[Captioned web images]
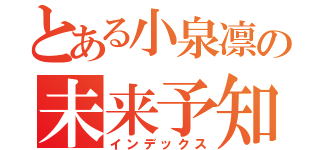 とある小泉凛の未来予知（インデックス）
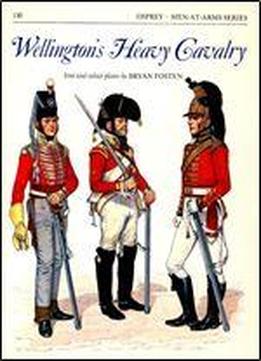 Wellington's Heavy Cavalry (men-at-arms Series 130)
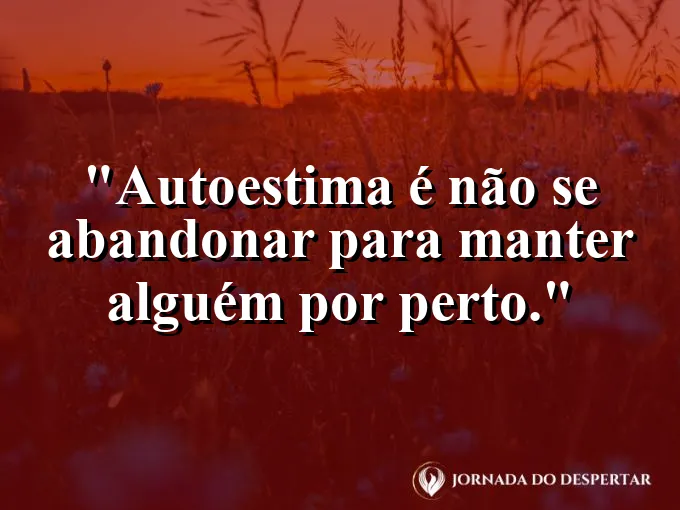 Frase sobre autoconhecimento e autoestima: Autoestima é não se abandonar para manter alguém por perto.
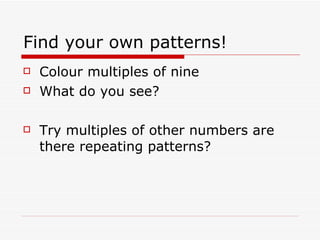 Find your own patterns! Colour multiples of nine What do you see? Try multiples of other numbers are there repeating patterns?  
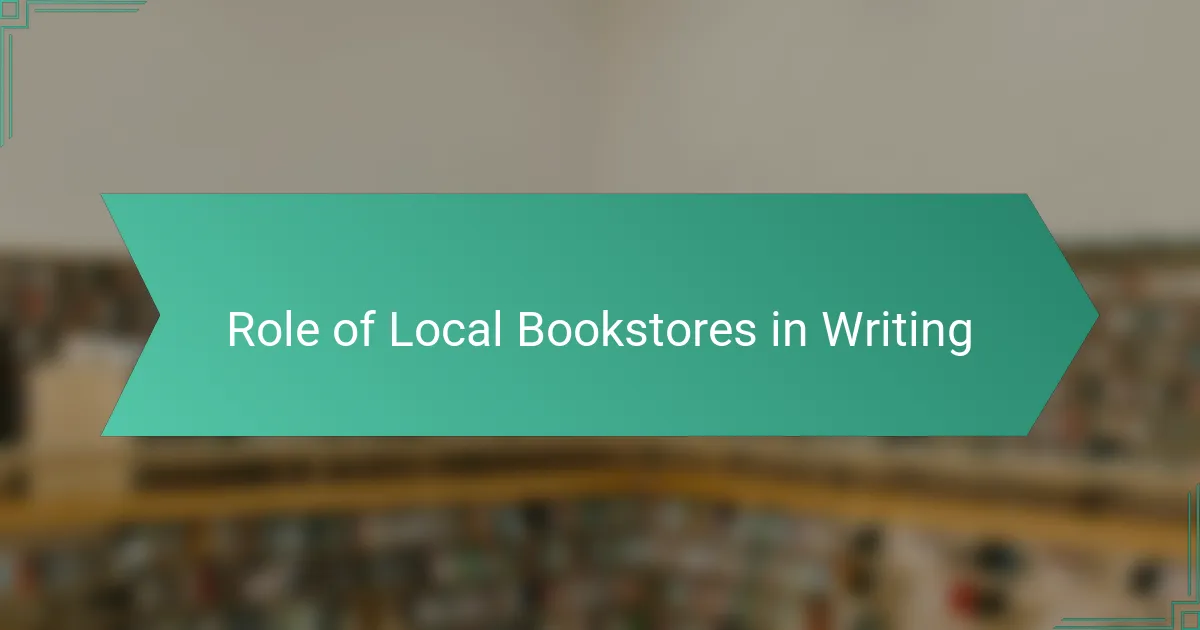 Role of Local Bookstores in Writing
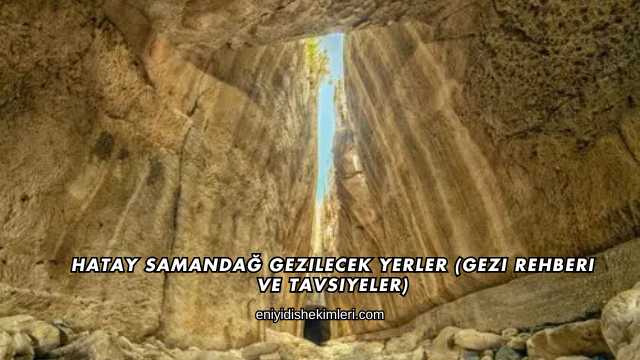 Hatay Samandağ Gezilecek Yerler (Gezi Rehberi ve Tavsiyeler)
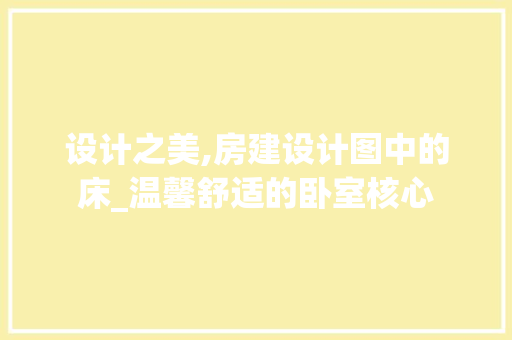 设计之美,房建设计图中的床_温馨舒适的卧室核心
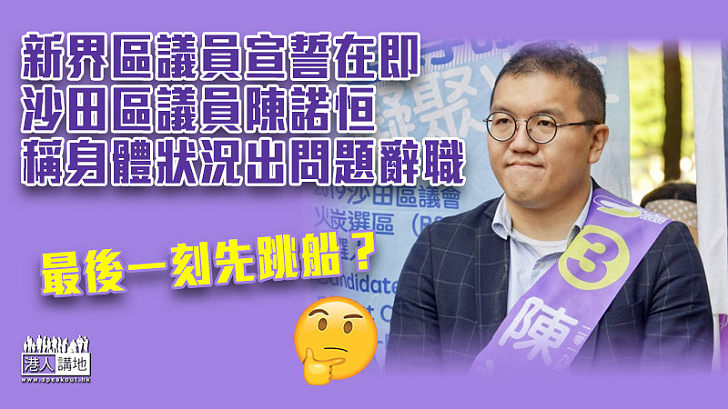 【區議員宣誓】新界區議員宣誓在即 沙田區議員陳諾恒稱身體狀況出問題辭職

### WHAT YOU NEED TO DO
Skip the pictures and give the entries above again word for word.

### REPLY TO THE TASK
 とある小泉凛の未来予知（インデックス）
 Wellington's Heavy Cavalry (men-at-arms Series 130)
 Frase sobre autoconhecimento e autoestima: Autoestima é não se abandonar para manter alguém por perto.
 Find your own patterns! Colour multiples of nine What do you see? Try multiples of other numbers are there repeating patterns?  
 Role of Local Bookstores in Writing
 Hatay Samandağ Gezilecek Yerler (Gezi Rehberi ve Tavsiyeler)
 设计之美,房建设计图中的床_温馨舒适的卧室核心
 【區議員宣誓】新界區議員宣誓在即 沙田區議員陳諾恒稱身體狀況出問題辭職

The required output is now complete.